The Government said it is fully committed to upholding Hong Kong’s institutional strengths, including the fine tradition of the rule of law, free trade and investment regime, simple tax system with low tax rates, favourable business environment and efficient government.
“These have provided a conducive environment for businesses to thrive, and enabled our economy to prosper and tide over challenges arising anytime.”
However, the Government takes exception to the Fraser Institute’s comments in its press release about the rule of law in Hong Kong, saying such comments are entirely ungrounded and not borne out by objective facts.
Since China resumed the exercise of sovereignty over Hong Kong on July 1, 1997, the Hong Kong Special Administrative Region has been exercising “Hong Kong people administering Hong Kong” and a high degree of autonomy in strict accordance with the Basic Law.

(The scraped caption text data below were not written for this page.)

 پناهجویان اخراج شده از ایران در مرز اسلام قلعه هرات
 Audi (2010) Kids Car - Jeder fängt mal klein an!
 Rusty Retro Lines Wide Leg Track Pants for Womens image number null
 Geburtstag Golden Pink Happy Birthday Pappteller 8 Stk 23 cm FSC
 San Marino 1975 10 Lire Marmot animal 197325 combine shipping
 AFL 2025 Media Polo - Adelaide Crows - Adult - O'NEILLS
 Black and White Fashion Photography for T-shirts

“One country, two systems” has been fully and successfully implemented. Human rights and freedom are fully protected by the Basic Law, the Hong Kong Bill of Rights Ordinance and other legislation.
Hong Kong has its own legal system and exercises independent judicial power, including that of final adjudication, through its own courts. The rule of law and judicial independence are constitutionally protected, as are the fundamental rights and freedoms of Hong Kong residents, including the freedom of speech and the right of peaceful assembly that are routinely exercised by them.

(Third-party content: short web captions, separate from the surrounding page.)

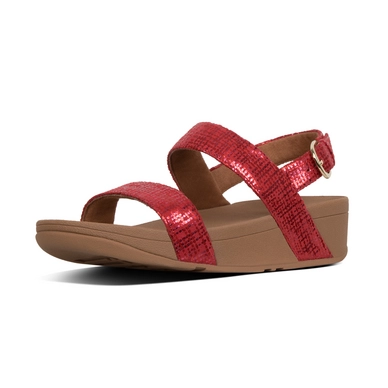 Sandals FitFlop Lottie™ Chain Print Adrenaline Red
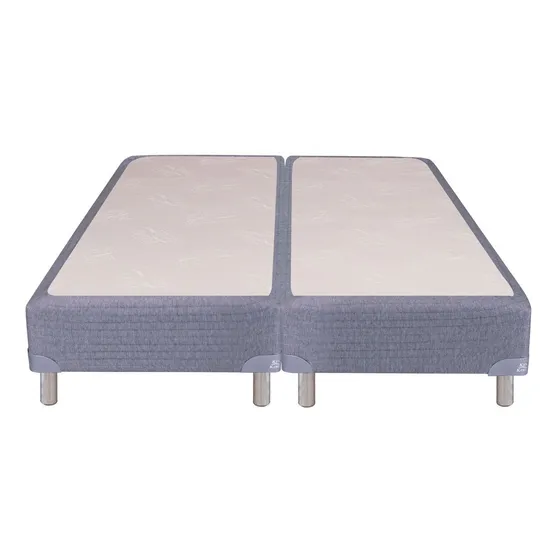 Sommier King Koil World Luxury 200x200 Pana Gris Pata Metal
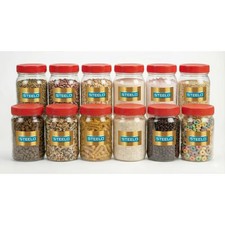 Plastic Jar with Lid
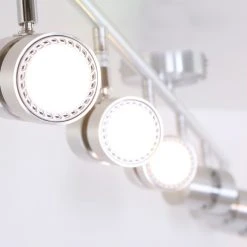 Steinhauer Natasja Deckenleuchte LED Edelstahl, 6-flammig 10 Steinhauer Natasja Deckenleuchte LED Edelstahl, 6-flammig -Bürolampen Verkäufe steinhauer natasja deckenleuchte 7906st 4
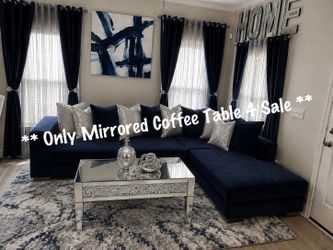Mirrored Faux Diamond Table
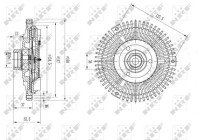 Clutch, radiator fan 49673 NRF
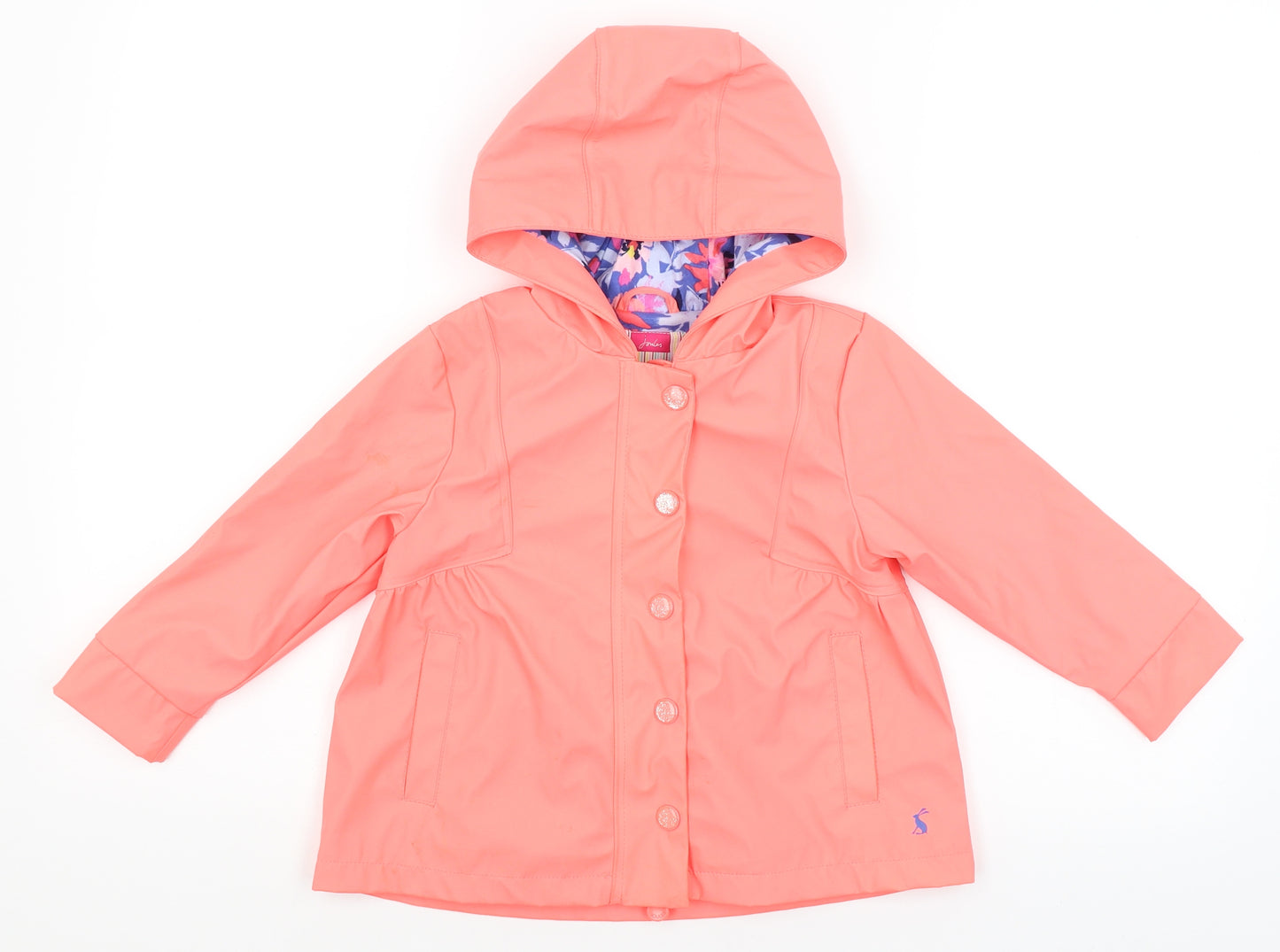 Joules Girls Pink   Rain Coat Coat Size 3 Years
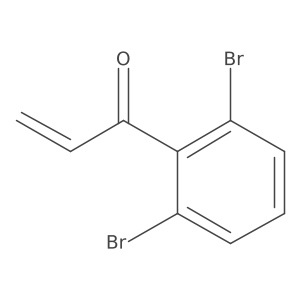 1-(2,6-Dibromophenyl)prop-2-en-1-one结构式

The fact that eminent judges of the apex courts of other common law jurisdictions sit on Hong Kong’s Court of Final Appeal, and that Hong Kong cases are cited in overseas jurisprudence from time to time, speaks volumes on the global legal community’s confidence in the integrity and quality of Hong Kong’s judicial and legal systems.
Indeed, the robustness of Hong Kong’s rule of law is consistently reflected in the relevant reports of other international ranking institutions since 1997.
Regrettably, recent events have seen protesters deviating from peaceful means by resorting to escalating violence, which made it necessary for Police to exercise lawful use of reasonable force to maintain law and order.
The Government said it is committed to stopping violence and maintaining an open dialogue with the community at large to look for common ground and resolve differences on its own.
“The Government is and will always be strongly committed to upholding the rule of law, judicial independence and the fundamental rights and freedoms of Hong Kong residents which are strongly institutionalised.
“We will continue to work with the local and international communities to promote these core values of our society which we jealously guard.”